_ASSIGNED TASK_
Of the entries below, repeat exactly only those lines from the one containing "Sun Squad Kids" through the last line, with pictures omitted.
╭─ DATA FOR ANALYSIS
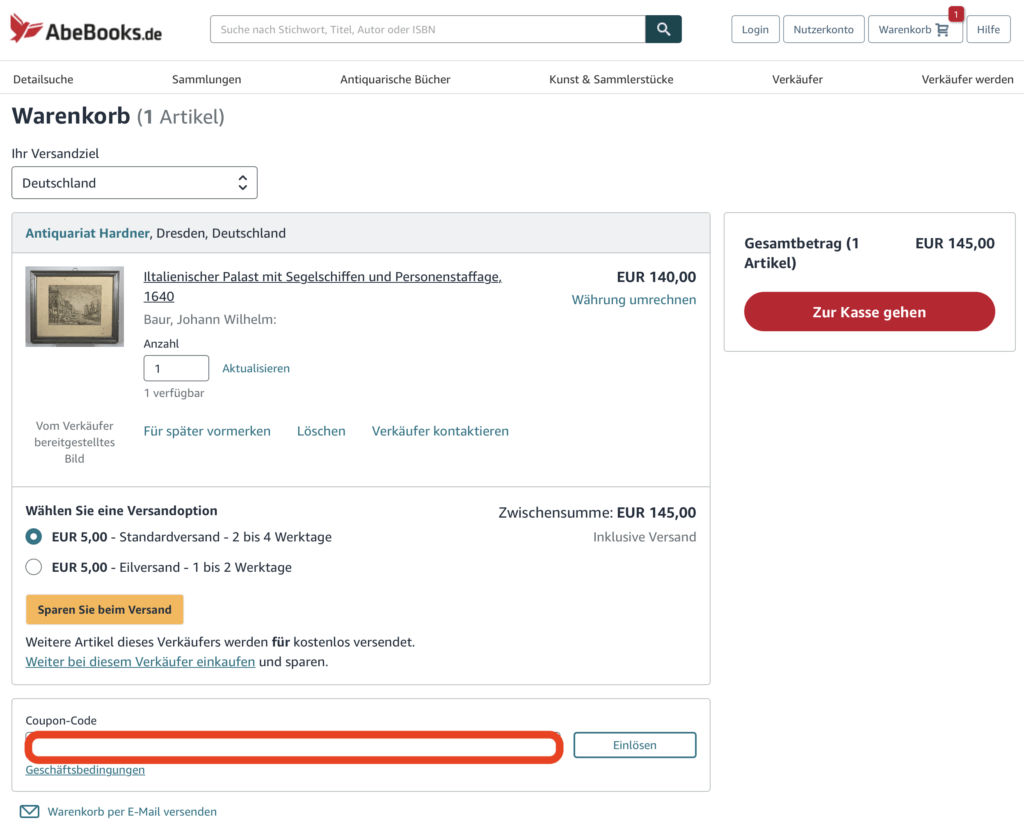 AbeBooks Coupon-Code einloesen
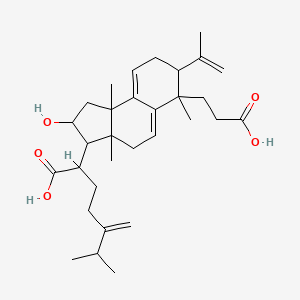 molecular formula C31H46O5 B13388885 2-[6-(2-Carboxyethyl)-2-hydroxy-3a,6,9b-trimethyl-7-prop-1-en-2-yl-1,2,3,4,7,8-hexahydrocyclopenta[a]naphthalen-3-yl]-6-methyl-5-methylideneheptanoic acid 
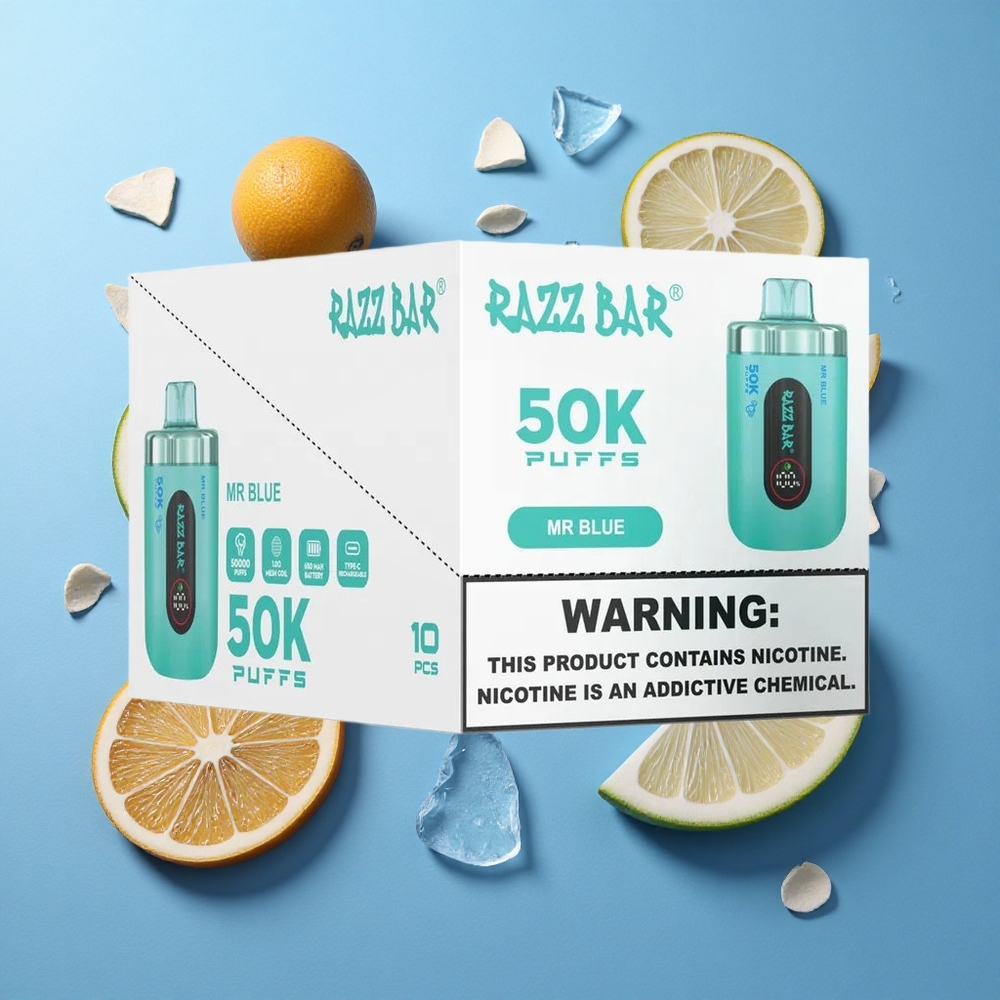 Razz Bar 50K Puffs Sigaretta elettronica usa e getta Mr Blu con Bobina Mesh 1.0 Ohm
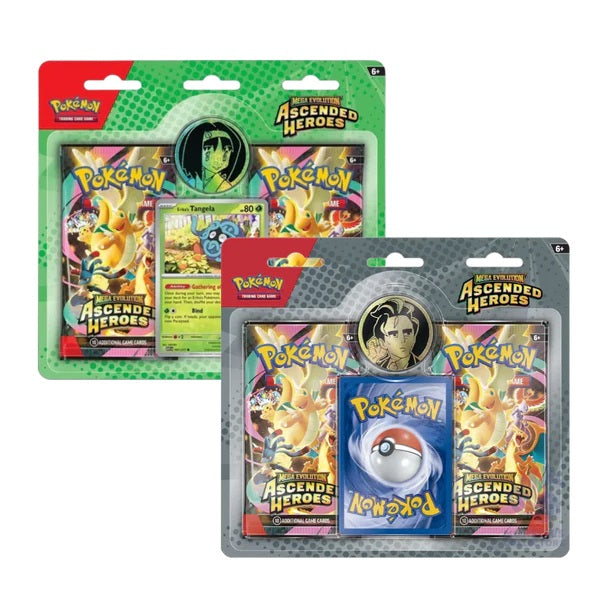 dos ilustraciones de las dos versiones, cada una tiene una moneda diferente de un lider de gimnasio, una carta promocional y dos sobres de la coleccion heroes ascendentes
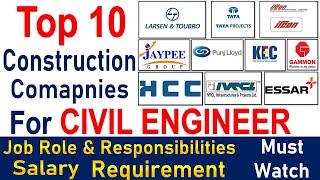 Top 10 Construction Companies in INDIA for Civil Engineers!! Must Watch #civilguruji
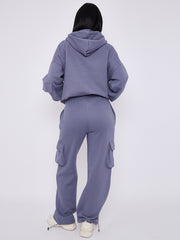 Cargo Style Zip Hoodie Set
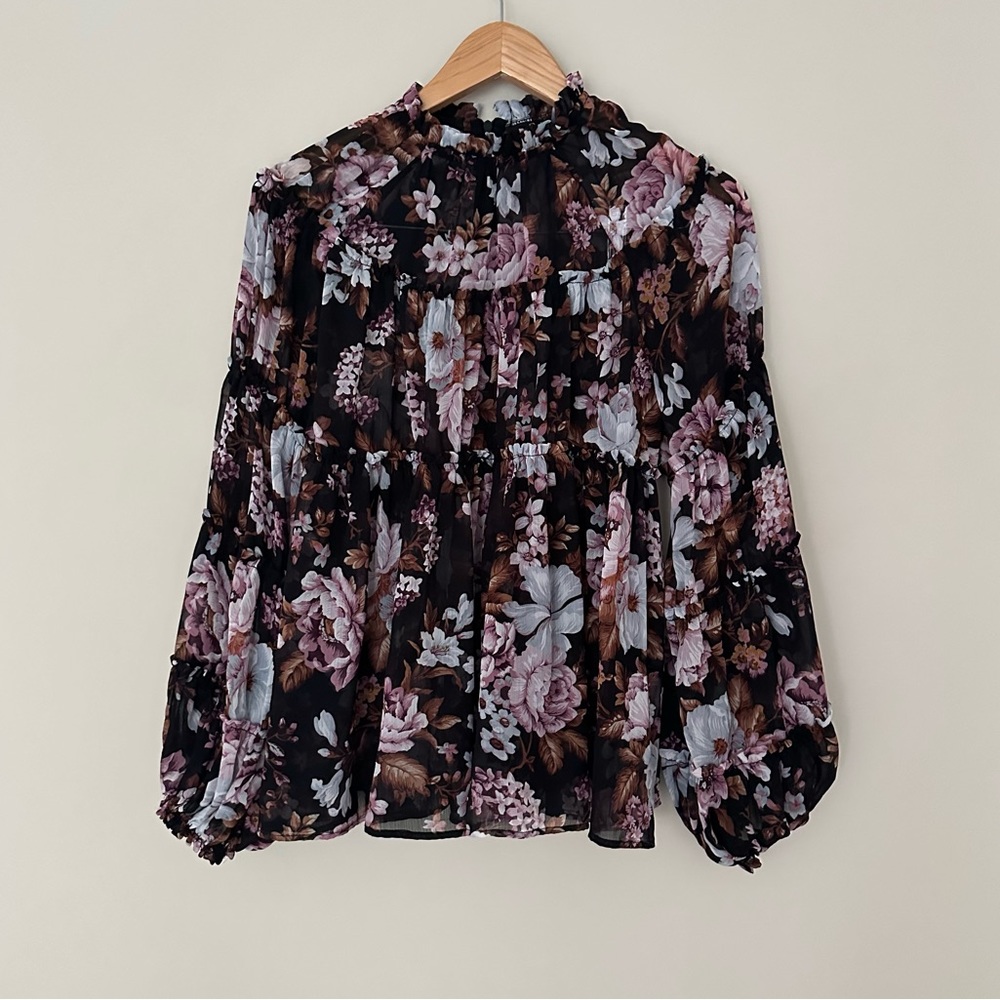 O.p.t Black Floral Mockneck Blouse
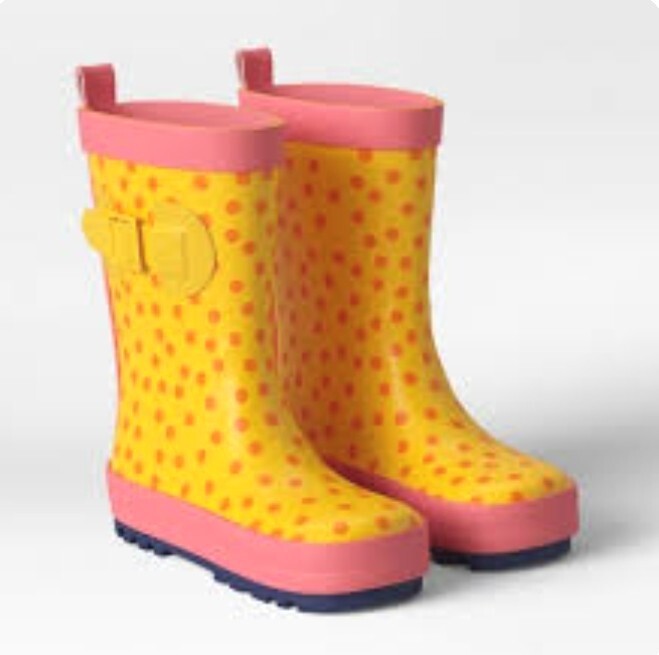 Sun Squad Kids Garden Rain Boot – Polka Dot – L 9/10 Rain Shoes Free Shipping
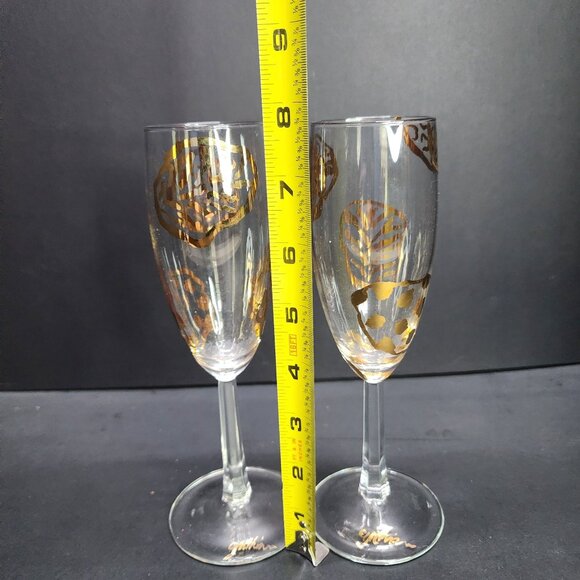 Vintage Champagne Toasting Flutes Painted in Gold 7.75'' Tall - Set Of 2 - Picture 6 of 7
╰─
_OUTPUT OF THE EXERCISE_
 Sun Squad Kids Garden Rain Boot – Polka Dot – L 9/10 Rain Shoes Free Shipping
 Vintage Champagne Toasting Flutes Painted in Gold 7.75'' Tall - Set Of 2 - Picture 6 of 7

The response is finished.